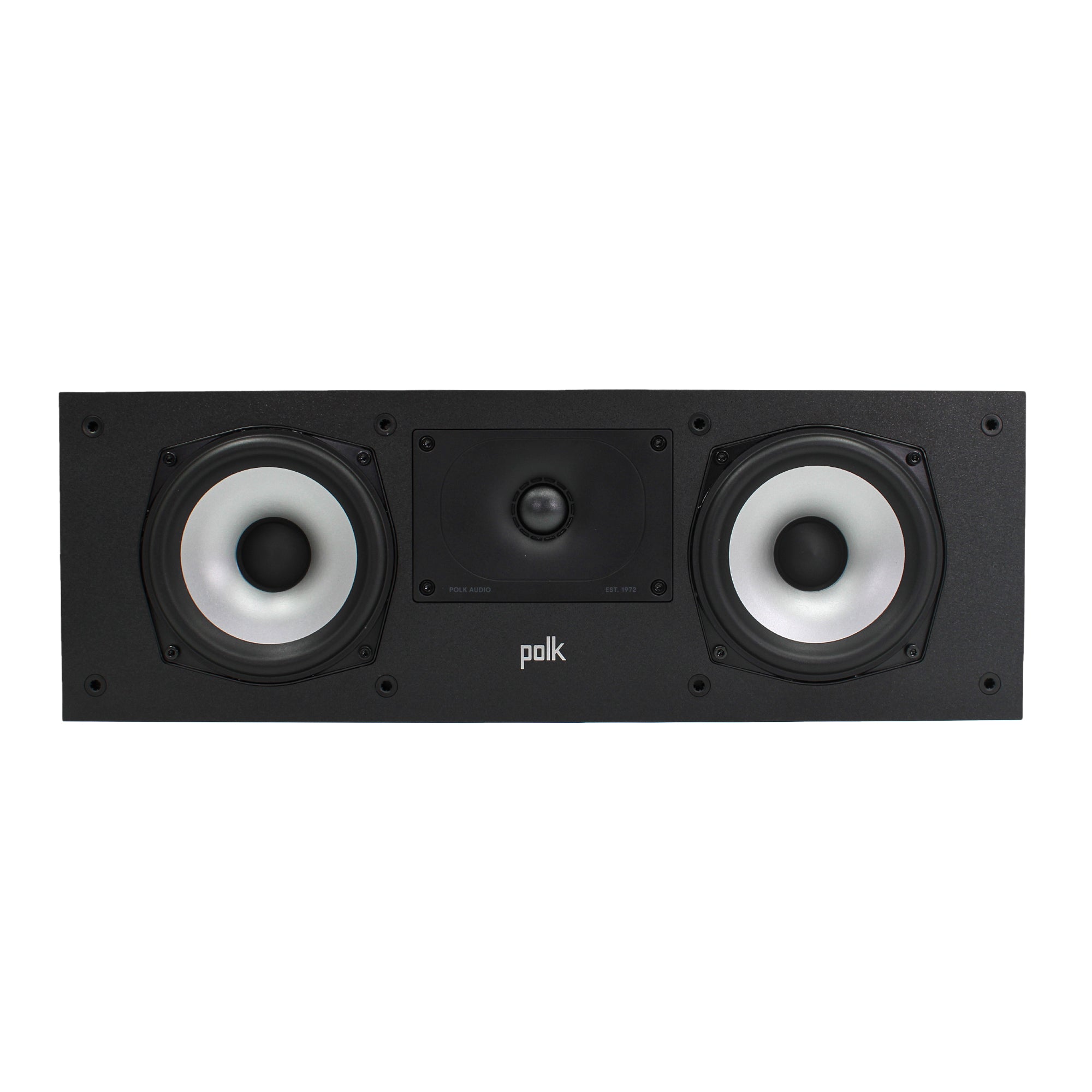 Polk Monitor XT30 Compact Center Channel Speaker - Hi-Res Audio Certified, Dolby Atmos & DTS:X Compatible, 1" Terylene Tweeter & Dual 5.25" Dynamically Balanced Woofer, Midnight Black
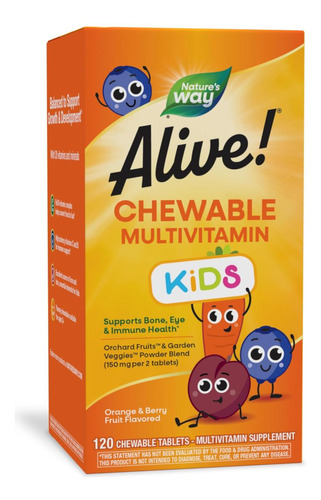 Natureza Viva! Multivitamínico Mastigável Diário Para Crianç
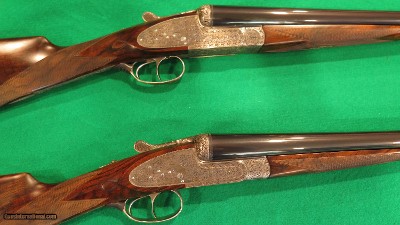 Match Pair of Grulla Royal SLE 12ga 2-3/4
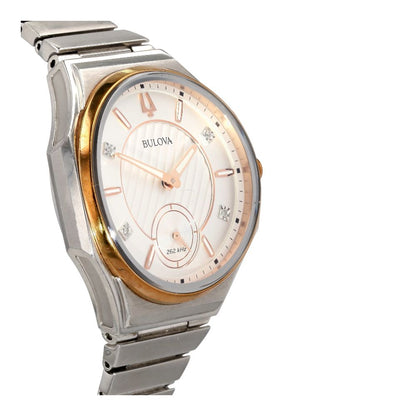 Women's Two Tone Curv With Diamond Accents Stainless Steel Watch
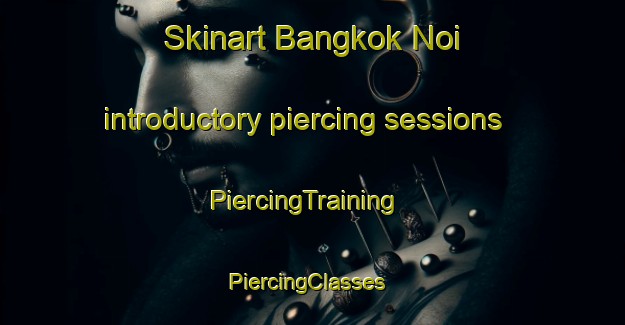 Skinart Bangkok Noi introductory piercing sessions | PiercingTraining | PiercingClasses | SkinartTraining-Thailand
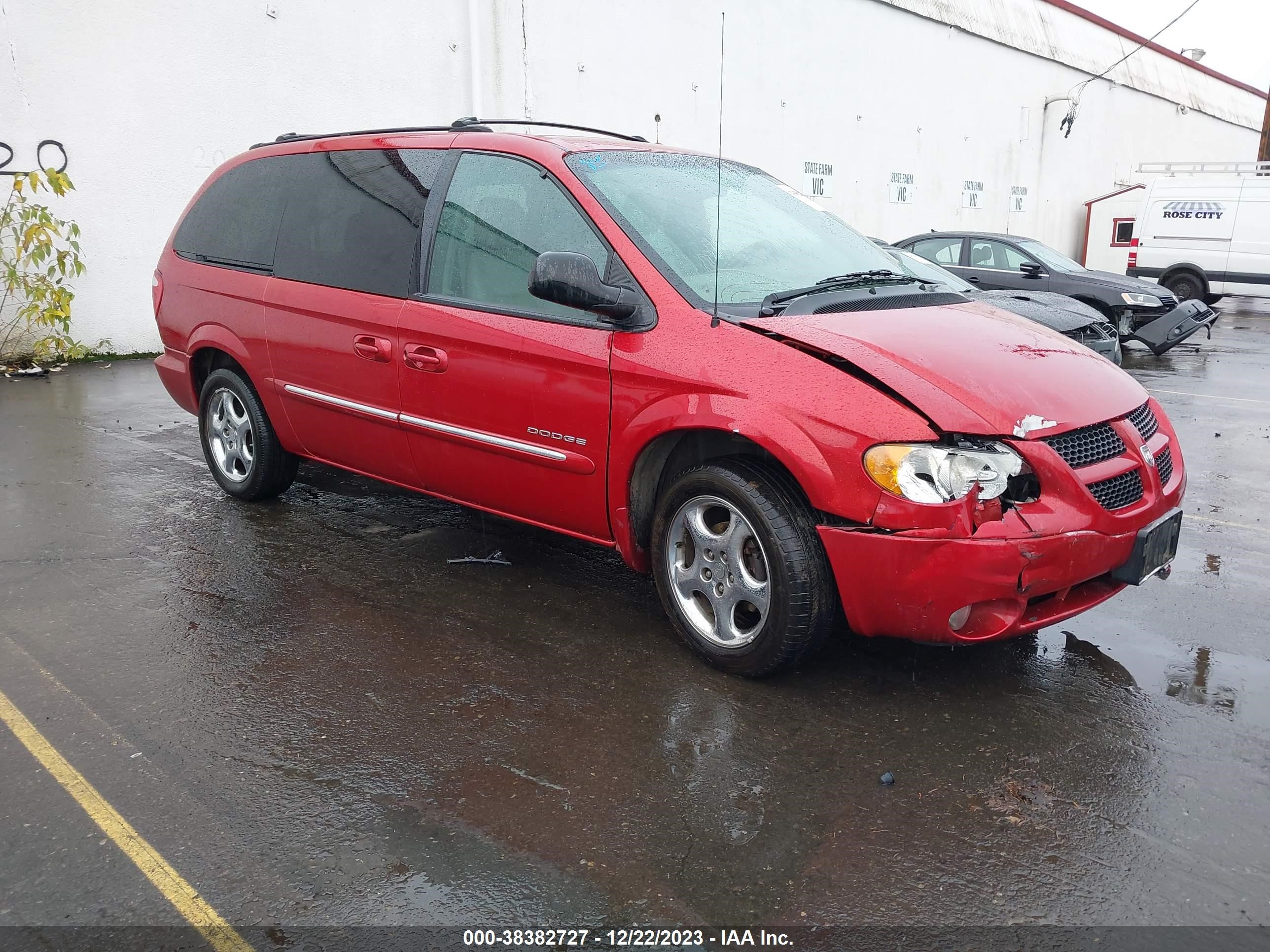 DODGE CARAVAN 2001 2b4gp54l81r165732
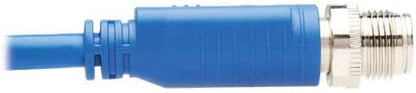 Tripp Lite M12 X-Code Cat6 Ethernet Cable Blue (M/M), 1 Gbps, UTP, UL CMR-LP Certified for 60W PoE, Heavy-Duty IP68 Rating, 32.8 Feet / 10 Meters, (NM12-601-10M-BL) M12 Cable 32.8 ft / 10M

Assignment:
For your answer, write out the data exactly and drop every picture.

Solved problem:
 Polk Monitor XT30 Compact Center Channel Speaker - Hi-Res Audio Certified, Dolby Atmos & DTS:X Compatible, 1" Terylene Tweeter & Dual 5.25" Dynamically Balanced Woofer, Midnight Black
 Natureza Viva! Multivitamínico Mastigável Diário Para Crianç
 Match Pair of Grulla Royal SLE 12ga 2-3/4
 Women's Two Tone Curv With Diamond Accents Stainless Steel Watch
 Skinart Bangkok Noi introductory piercing sessions | PiercingTraining | PiercingClasses | SkinartTraining-Thailand
 DODGE CARAVAN 2001 2b4gp54l81r165732
 Tripp Lite M12 X-Code Cat6 Ethernet Cable Blue (M/M), 1 Gbps, UTP, UL CMR-LP Certified for 60W PoE, Heavy-Duty IP68 Rating, 32.8 Feet / 10 Meters, (NM12-601-10M-BL) M12 Cable 32.8 ft / 10M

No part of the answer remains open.